[Opening DATA FOR PROCESSING section]

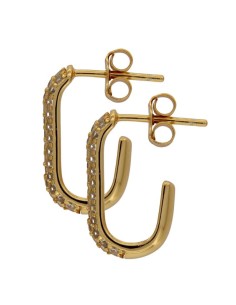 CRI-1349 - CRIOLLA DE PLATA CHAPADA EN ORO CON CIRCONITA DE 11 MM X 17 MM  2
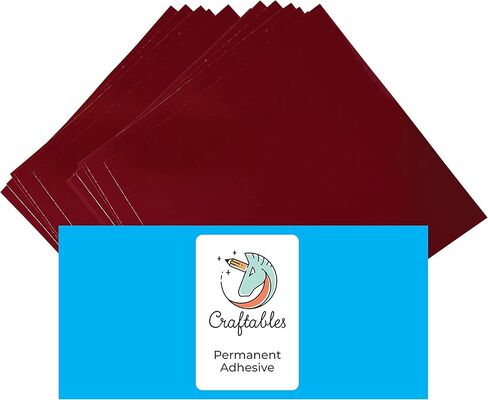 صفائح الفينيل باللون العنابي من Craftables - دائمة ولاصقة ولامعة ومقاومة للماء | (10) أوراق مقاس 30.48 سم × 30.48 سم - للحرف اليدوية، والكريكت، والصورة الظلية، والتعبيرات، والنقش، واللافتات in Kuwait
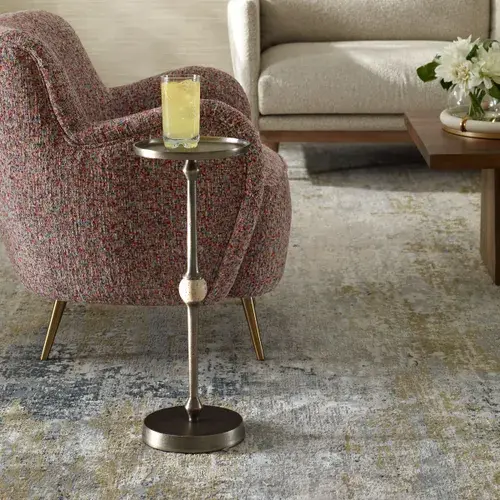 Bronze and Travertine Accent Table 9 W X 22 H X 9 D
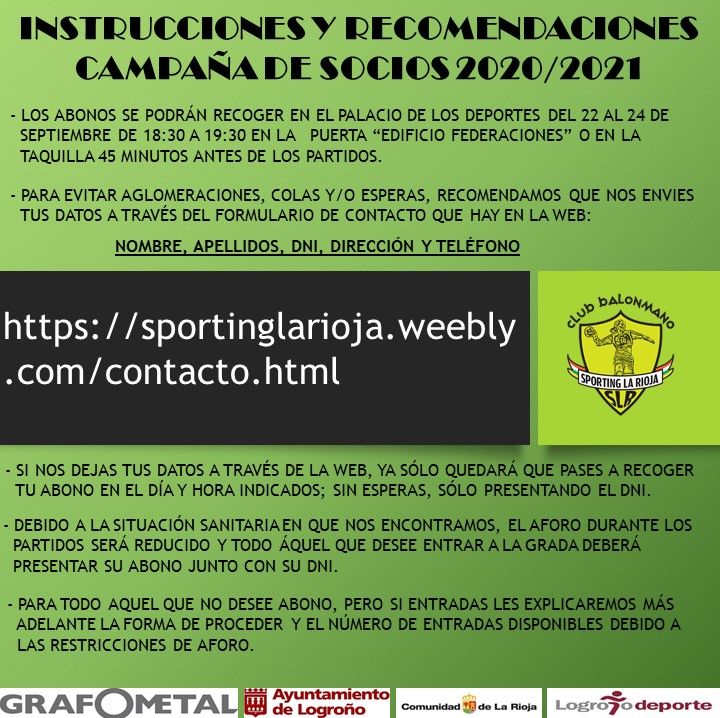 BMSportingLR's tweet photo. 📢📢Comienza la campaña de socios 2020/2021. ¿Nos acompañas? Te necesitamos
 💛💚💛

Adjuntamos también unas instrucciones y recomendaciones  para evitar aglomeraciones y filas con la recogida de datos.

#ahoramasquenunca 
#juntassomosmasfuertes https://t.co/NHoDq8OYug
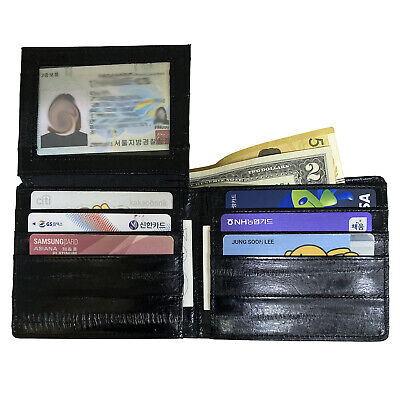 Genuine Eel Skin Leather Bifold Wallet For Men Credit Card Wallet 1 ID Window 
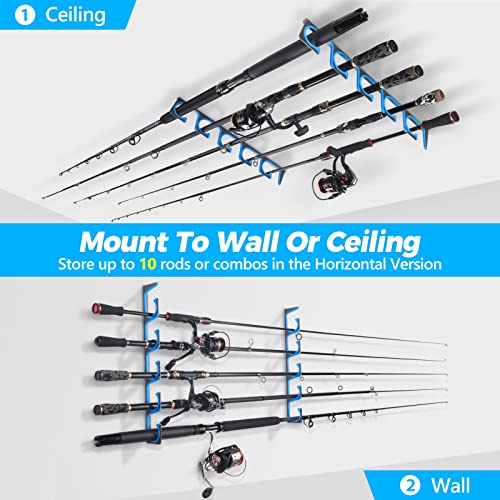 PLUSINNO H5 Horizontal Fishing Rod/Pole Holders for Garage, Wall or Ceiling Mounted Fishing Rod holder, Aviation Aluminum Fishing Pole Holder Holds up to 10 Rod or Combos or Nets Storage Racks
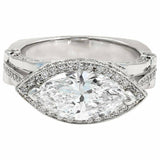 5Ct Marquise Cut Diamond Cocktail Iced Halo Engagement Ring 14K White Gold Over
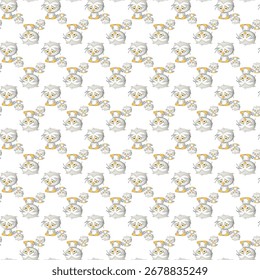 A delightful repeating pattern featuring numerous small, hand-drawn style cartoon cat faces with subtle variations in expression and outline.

[Closing DATA FOR PROCESSING section]

■ **EXERCISE INSTRUCTIONS**: Repeat each record exactly as shown above, dropping all images.

■ **SOLVED EXERCISE**:
 CRI-1349 - CRIOLLA DE PLATA CHAPADA EN ORO CON CIRCONITA DE 11 MM X 17 MM  2
 صفائح الفينيل باللون العنابي من Craftables - دائمة ولاصقة ولامعة ومقاومة للماء | (10) أوراق مقاس 30.48 سم × 30.48 سم - للحرف اليدوية، والكريكت، والصورة الظلية، والتعبيرات، والنقش، واللافتات in Kuwait
 Bronze and Travertine Accent Table 9 W X 22 H X 9 D
 BMSportingLR's tweet photo. 📢📢Comienza la campaña de socios 2020/2021. ¿Nos acompañas? Te necesitamos
 💛💚💛

Adjuntamos también unas instrucciones y recomendaciones  para evitar aglomeraciones y filas con la recogida de datos.

#ahoramasquenunca 
#juntassomosmasfuertes https://t.co/NHoDq8OYug
 Genuine Eel Skin Leather Bifold Wallet For Men Credit Card Wallet 1 ID Window 
 PLUSINNO H5 Horizontal Fishing Rod/Pole Holders for Garage, Wall or Ceiling Mounted Fishing Rod holder, Aviation Aluminum Fishing Pole Holder Holds up to 10 Rod or Combos or Nets Storage Racks
 5Ct Marquise Cut Diamond Cocktail Iced Halo Engagement Ring 14K White Gold Over
 A delightful repeating pattern featuring numerous small, hand-drawn style cartoon cat faces with subtle variations in expression and outline.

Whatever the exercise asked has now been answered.